AIM OF THE TASK ▸ In full and without edits, write out the data that follows.

LISTED ENTRIES ▸
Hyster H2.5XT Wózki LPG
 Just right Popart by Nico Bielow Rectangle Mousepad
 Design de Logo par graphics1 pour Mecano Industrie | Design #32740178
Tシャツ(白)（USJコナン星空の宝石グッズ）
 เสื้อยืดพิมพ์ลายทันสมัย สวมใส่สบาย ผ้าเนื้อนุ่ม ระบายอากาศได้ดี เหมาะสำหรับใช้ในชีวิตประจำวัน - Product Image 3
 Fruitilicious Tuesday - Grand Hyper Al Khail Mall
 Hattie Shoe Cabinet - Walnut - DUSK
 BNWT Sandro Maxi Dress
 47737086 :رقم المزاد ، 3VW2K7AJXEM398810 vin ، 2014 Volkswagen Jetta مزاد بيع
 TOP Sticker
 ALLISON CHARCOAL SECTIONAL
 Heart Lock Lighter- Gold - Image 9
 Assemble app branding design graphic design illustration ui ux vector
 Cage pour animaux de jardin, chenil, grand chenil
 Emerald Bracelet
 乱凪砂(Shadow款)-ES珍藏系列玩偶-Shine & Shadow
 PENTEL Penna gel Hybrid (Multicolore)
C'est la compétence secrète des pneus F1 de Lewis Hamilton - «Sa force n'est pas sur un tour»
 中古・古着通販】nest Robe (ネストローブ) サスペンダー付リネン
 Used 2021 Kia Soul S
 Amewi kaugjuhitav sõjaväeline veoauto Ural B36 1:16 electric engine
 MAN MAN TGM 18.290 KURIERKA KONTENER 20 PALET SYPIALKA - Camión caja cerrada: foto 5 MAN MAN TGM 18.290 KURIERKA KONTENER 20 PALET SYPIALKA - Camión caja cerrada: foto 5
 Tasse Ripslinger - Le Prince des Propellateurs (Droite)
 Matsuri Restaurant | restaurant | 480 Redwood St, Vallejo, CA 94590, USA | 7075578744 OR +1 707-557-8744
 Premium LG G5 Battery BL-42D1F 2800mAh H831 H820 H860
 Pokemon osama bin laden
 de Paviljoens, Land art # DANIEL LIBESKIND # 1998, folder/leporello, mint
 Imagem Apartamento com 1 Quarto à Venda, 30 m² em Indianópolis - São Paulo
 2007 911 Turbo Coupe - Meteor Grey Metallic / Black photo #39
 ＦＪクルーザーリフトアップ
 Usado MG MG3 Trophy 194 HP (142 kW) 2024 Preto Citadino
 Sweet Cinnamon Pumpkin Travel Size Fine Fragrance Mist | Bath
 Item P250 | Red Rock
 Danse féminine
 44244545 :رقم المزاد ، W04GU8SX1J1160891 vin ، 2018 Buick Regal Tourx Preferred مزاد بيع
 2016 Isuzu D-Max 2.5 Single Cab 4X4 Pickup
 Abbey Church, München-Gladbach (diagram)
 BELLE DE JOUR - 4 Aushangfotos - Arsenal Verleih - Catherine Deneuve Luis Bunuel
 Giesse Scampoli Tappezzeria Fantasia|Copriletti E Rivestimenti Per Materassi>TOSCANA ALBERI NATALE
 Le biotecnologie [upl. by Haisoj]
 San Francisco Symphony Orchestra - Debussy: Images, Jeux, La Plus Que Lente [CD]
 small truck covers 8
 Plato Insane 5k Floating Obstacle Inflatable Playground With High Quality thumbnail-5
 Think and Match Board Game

EXERCISE RESPONSE ▸
Hyster H2.5XT Wózki LPG
 Just right Popart by Nico Bielow Rectangle Mousepad
 Design de Logo par graphics1 pour Mecano Industrie | Design #32740178
Tシャツ(白)（USJコナン星空の宝石グッズ）
 เสื้อยืดพิมพ์ลายทันสมัย สวมใส่สบาย ผ้าเนื้อนุ่ม ระบายอากาศได้ดี เหมาะสำหรับใช้ในชีวิตประจำวัน - Product Image 3
 Fruitilicious Tuesday - Grand Hyper Al Khail Mall
 Hattie Shoe Cabinet - Walnut - DUSK
 BNWT Sandro Maxi Dress
 47737086 :رقم المزاد ، 3VW2K7AJXEM398810 vin ، 2014 Volkswagen Jetta مزاد بيع
 TOP Sticker
 ALLISON CHARCOAL SECTIONAL
 Heart Lock Lighter- Gold - Image 9
 Assemble app branding design graphic design illustration ui ux vector
 Cage pour animaux de jardin, chenil, grand chenil
 Emerald Bracelet
 乱凪砂(Shadow款)-ES珍藏系列玩偶-Shine & Shadow
 PENTEL Penna gel Hybrid (Multicolore)
C'est la compétence secrète des pneus F1 de Lewis Hamilton - «Sa force n'est pas sur un tour»
 中古・古着通販】nest Robe (ネストローブ) サスペンダー付リネン
 Used 2021 Kia Soul S
 Amewi kaugjuhitav sõjaväeline veoauto Ural B36 1:16 electric engine
 MAN MAN TGM 18.290 KURIERKA KONTENER 20 PALET SYPIALKA - Camión caja cerrada: foto 5 MAN MAN TGM 18.290 KURIERKA KONTENER 20 PALET SYPIALKA - Camión caja cerrada: foto 5
 Tasse Ripslinger - Le Prince des Propellateurs (Droite)
 Matsuri Restaurant | restaurant | 480 Redwood St, Vallejo, CA 94590, USA | 7075578744 OR +1 707-557-8744
 Premium LG G5 Battery BL-42D1F 2800mAh H831 H820 H860
 Pokemon osama bin laden
 de Paviljoens, Land art # DANIEL LIBESKIND # 1998, folder/leporello, mint
 Imagem Apartamento com 1 Quarto à Venda, 30 m² em Indianópolis - São Paulo
 2007 911 Turbo Coupe - Meteor Grey Metallic / Black photo #39
 ＦＪクルーザーリフトアップ
 Usado MG MG3 Trophy 194 HP (142 kW) 2024 Preto Citadino
 Sweet Cinnamon Pumpkin Travel Size Fine Fragrance Mist | Bath
 Item P250 | Red Rock
 Danse féminine
 44244545 :رقم المزاد ، W04GU8SX1J1160891 vin ، 2018 Buick Regal Tourx Preferred مزاد بيع
 2016 Isuzu D-Max 2.5 Single Cab 4X4 Pickup
 Abbey Church, München-Gladbach (diagram)
 BELLE DE JOUR - 4 Aushangfotos - Arsenal Verleih - Catherine Deneuve Luis Bunuel
 Giesse Scampoli Tappezzeria Fantasia|Copriletti E Rivestimenti Per Materassi>TOSCANA ALBERI NATALE
 Le biotecnologie [upl. by Haisoj]
 San Francisco Symphony Orchestra - Debussy: Images, Jeux, La Plus Que Lente [CD]
 small truck covers 8
 Plato Insane 5k Floating Obstacle Inflatable Playground With High Quality thumbnail-5
 Think and Match Board Game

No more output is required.